The listing below holds a line with "Postmodern Haitian Cotton" and a line with "WOOD BLADES 3PK". Reproduce those two lines exactly, plus everything between them.

Exercise data -
- - -
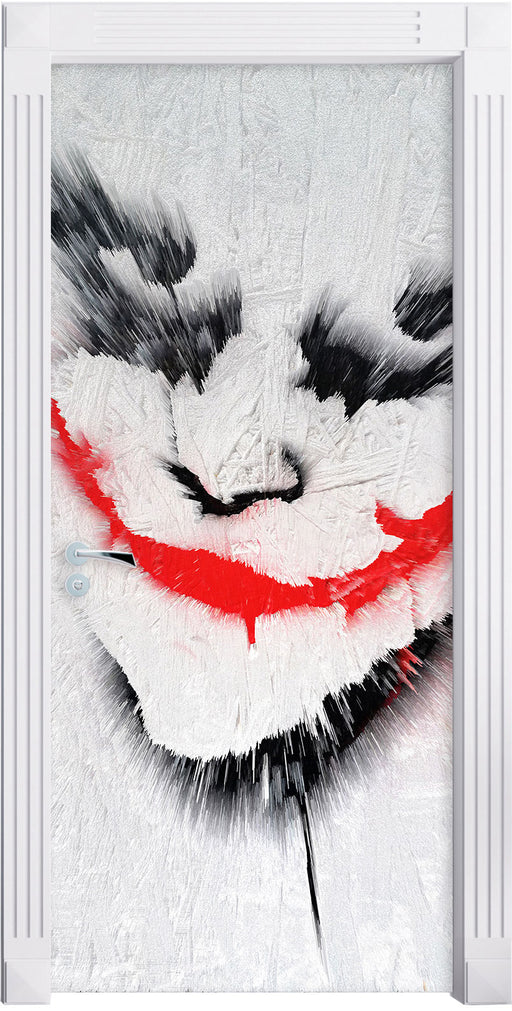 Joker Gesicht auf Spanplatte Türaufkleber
- - -
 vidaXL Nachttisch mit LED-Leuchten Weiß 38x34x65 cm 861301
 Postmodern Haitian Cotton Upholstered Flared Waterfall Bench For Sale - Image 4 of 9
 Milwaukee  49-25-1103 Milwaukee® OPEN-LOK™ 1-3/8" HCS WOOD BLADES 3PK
- - -
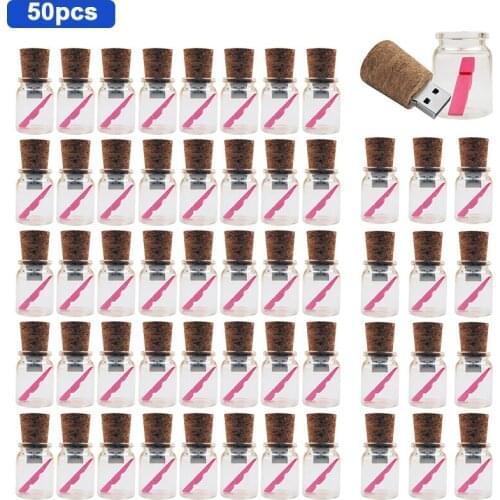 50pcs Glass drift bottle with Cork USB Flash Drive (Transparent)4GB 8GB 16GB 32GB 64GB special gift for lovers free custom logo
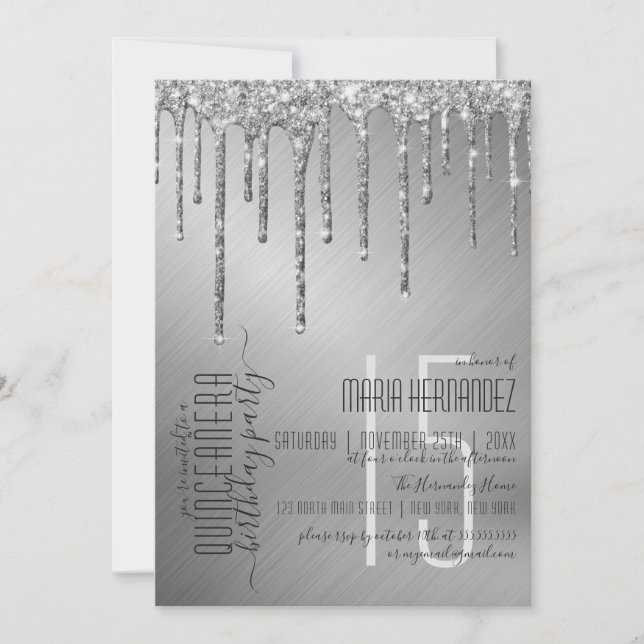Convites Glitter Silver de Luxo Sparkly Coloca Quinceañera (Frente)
- - -
Written answer -
 Postmodern Haitian Cotton Upholstered Flared Waterfall Bench For Sale - Image 4 of 9
 Milwaukee  49-25-1103 Milwaukee® OPEN-LOK™ 1-3/8" HCS WOOD BLADES 3PK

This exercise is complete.